◆ **Problem requirements**: When you give the entries again, keep every word as it stands and drop the pictures.

◆ **Web page caption snippets**:
+---+
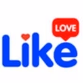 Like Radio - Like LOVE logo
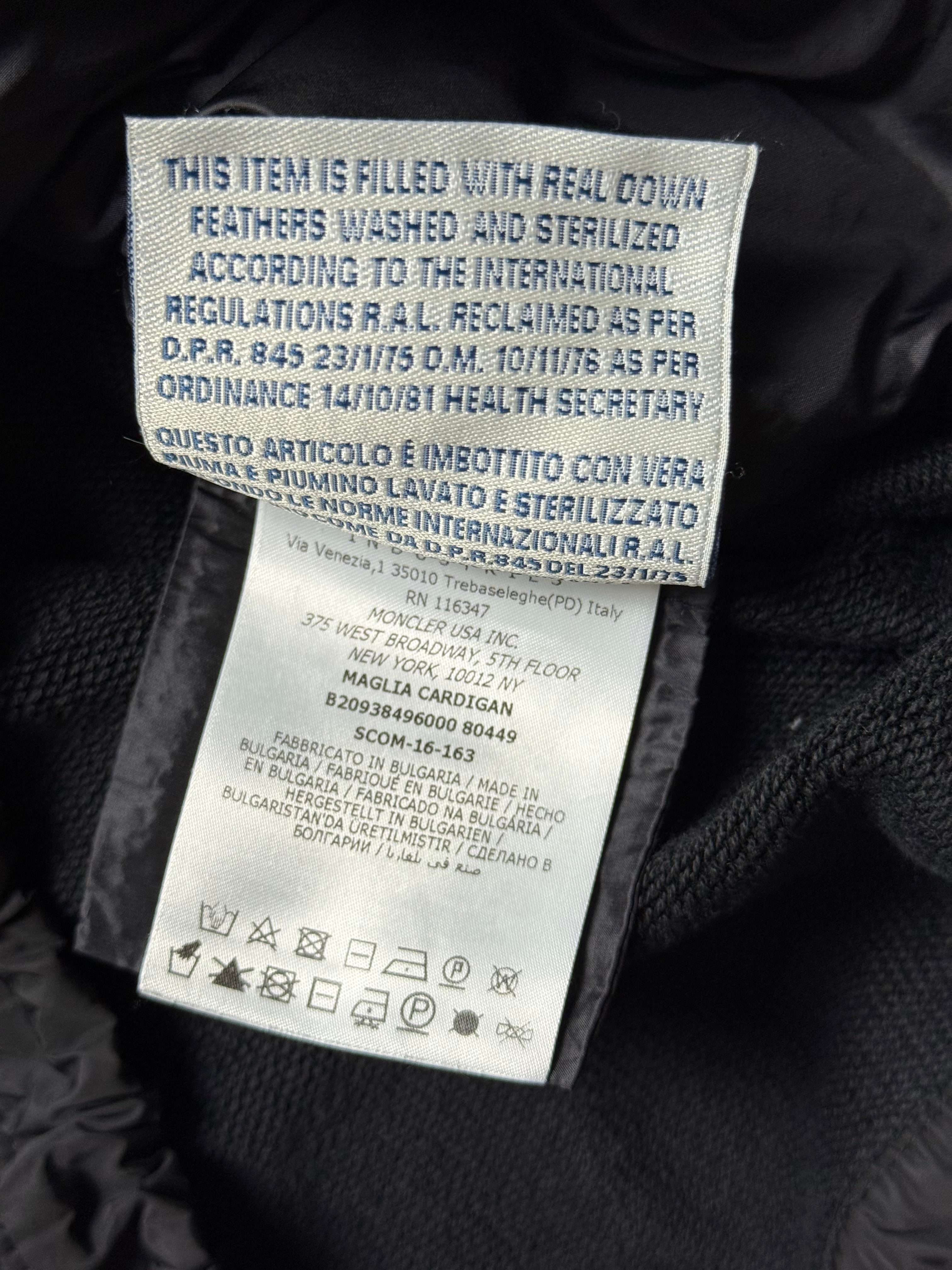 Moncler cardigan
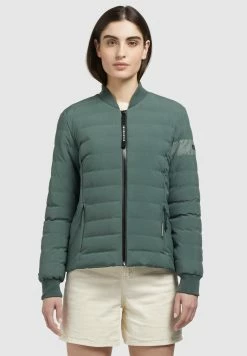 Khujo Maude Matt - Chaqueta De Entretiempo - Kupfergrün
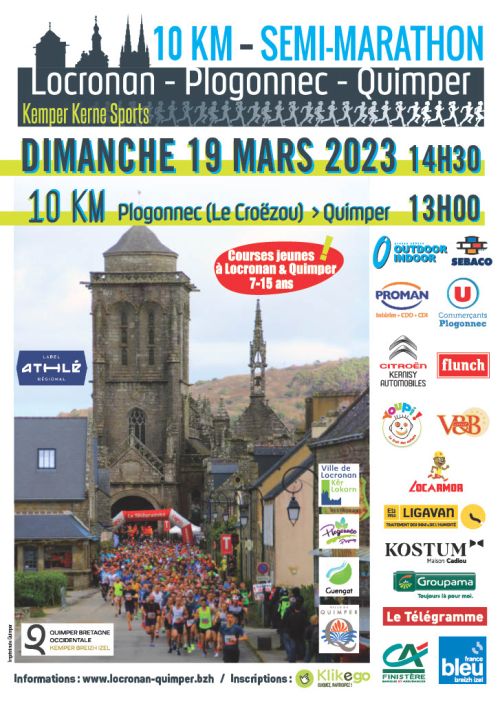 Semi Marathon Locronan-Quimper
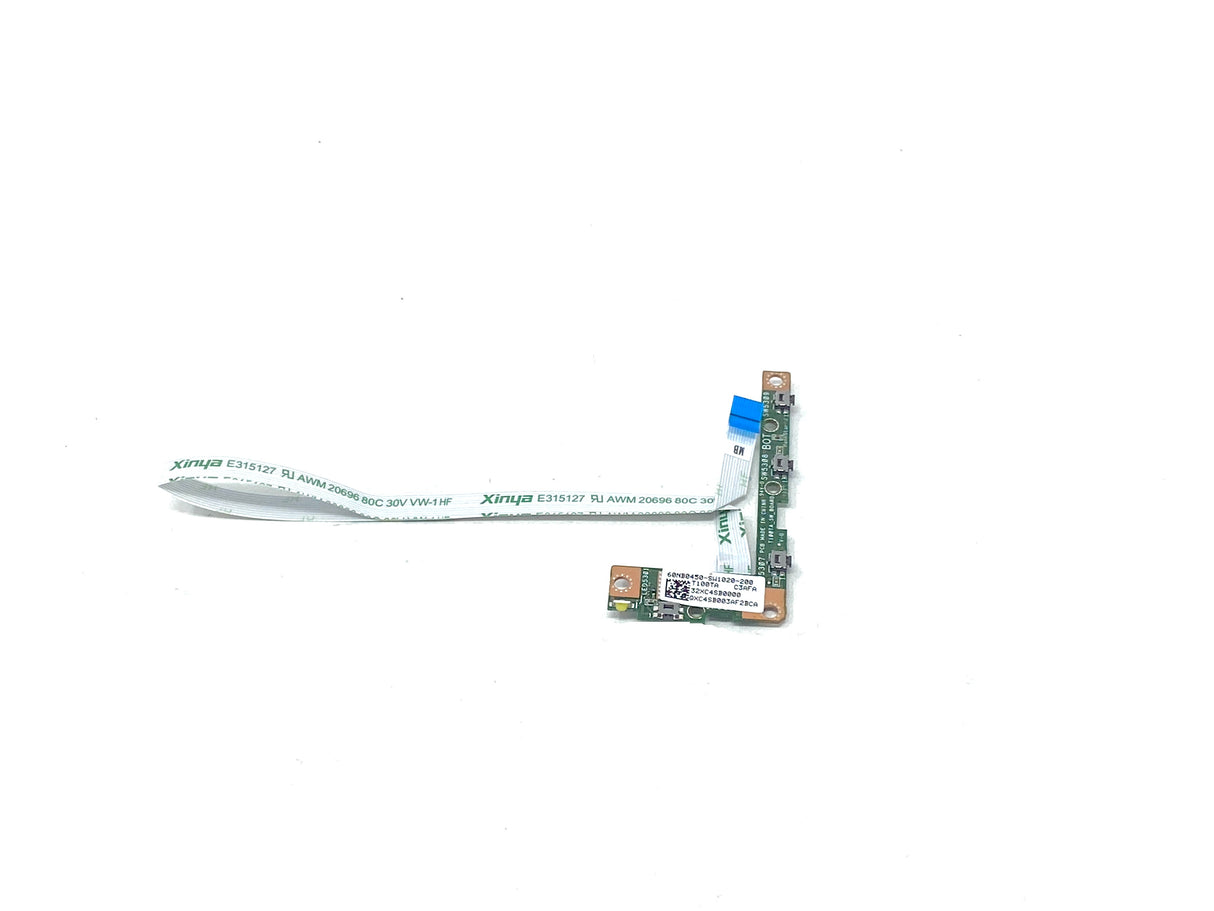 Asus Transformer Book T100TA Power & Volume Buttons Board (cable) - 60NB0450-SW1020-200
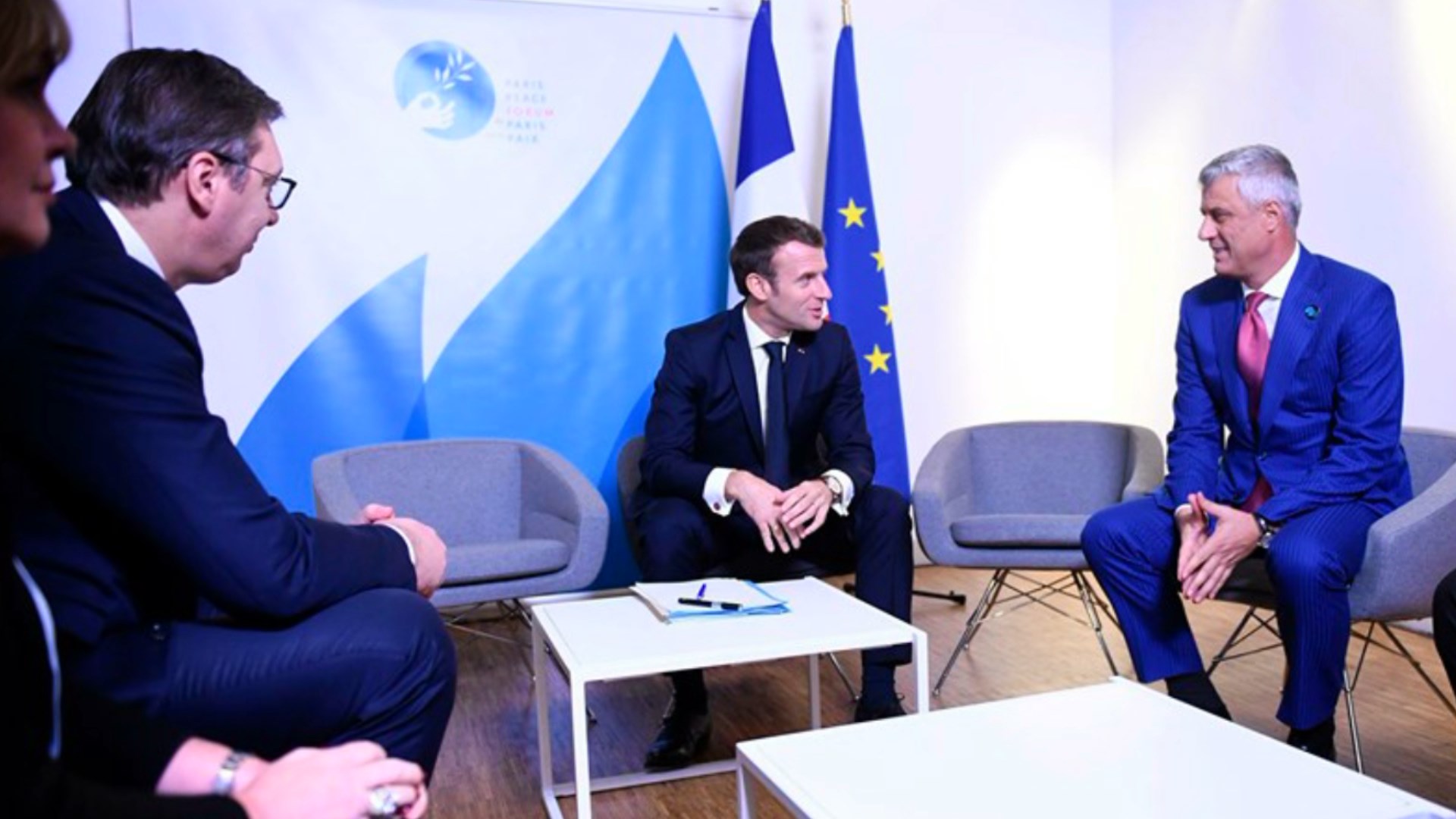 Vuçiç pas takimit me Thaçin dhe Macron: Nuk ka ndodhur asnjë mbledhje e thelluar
+---+
◆ **Task solution**:
 Like Radio - Like LOVE logo
 Moncler cardigan
 Khujo Maude Matt - Chaqueta De Entretiempo - Kupfergrün
 Semi Marathon Locronan-Quimper
 Asus Transformer Book T100TA Power & Volume Buttons Board (cable) - 60NB0450-SW1020-200
 Vuçiç pas takimit me Thaçin dhe Macron: Nuk ka ndodhur asnjë mbledhje e thelluar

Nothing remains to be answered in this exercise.